## What you have to do
Copy everything in the data below exactly except the pictures.

## Dataset excerpt
= = =
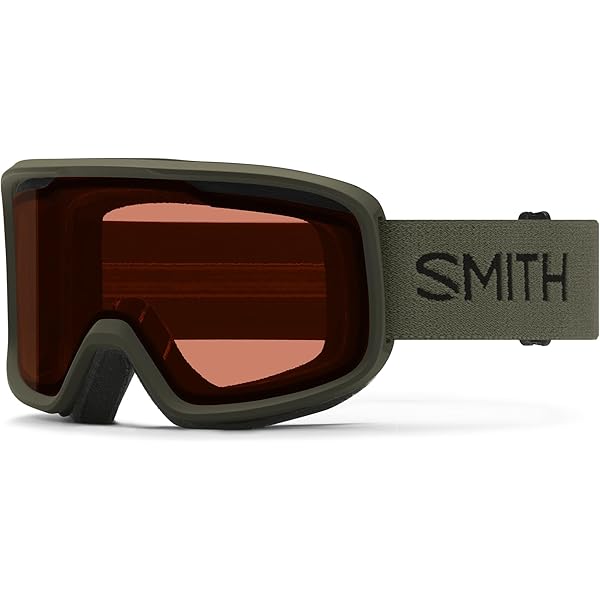 Amazon | SMITH Vogueゴーグル 女性用 Carbonic-xレンズ付き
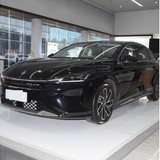 宝骏享境 2025款 插混 140km标准版
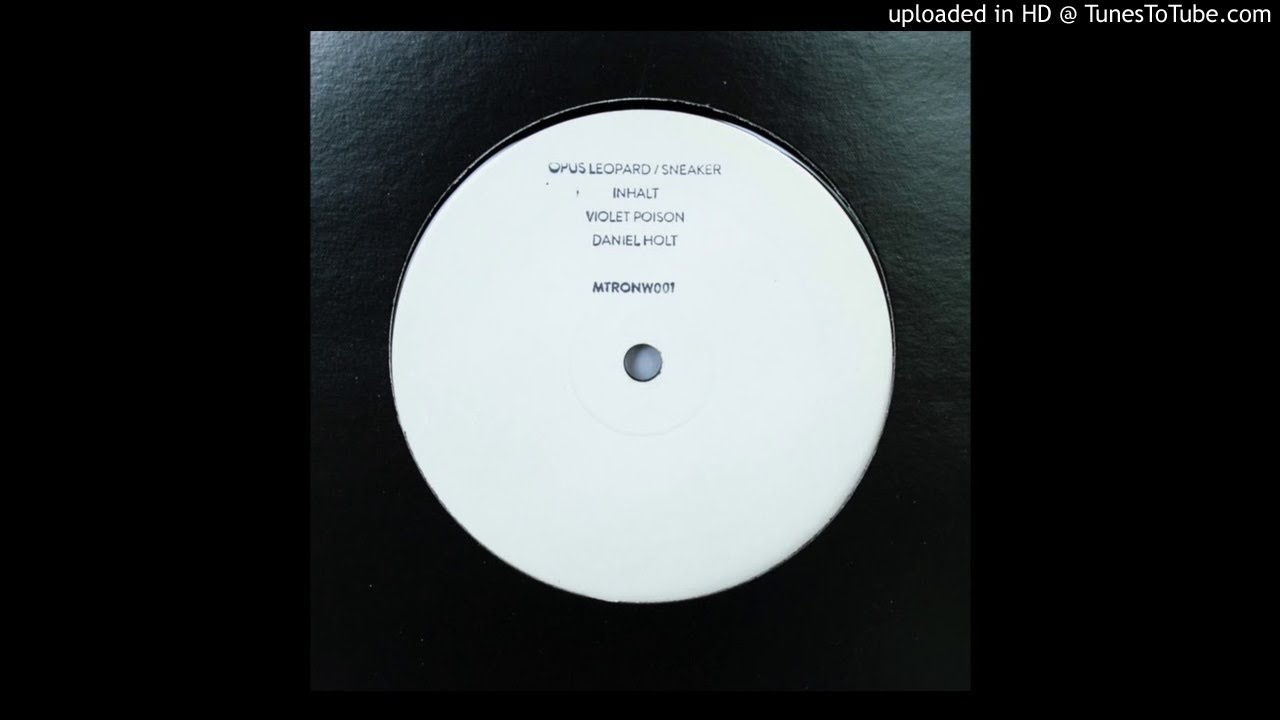 INHALT - Alles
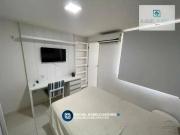 Apartamento mobiliado para alugar no Aquiraz |...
= = =
## Problem solution
 Amazon | SMITH Vogueゴーグル 女性用 Carbonic-xレンズ付き
 宝骏享境 2025款 插混 140km标准版
 INHALT - Alles
 Apartamento mobiliado para alugar no Aquiraz |...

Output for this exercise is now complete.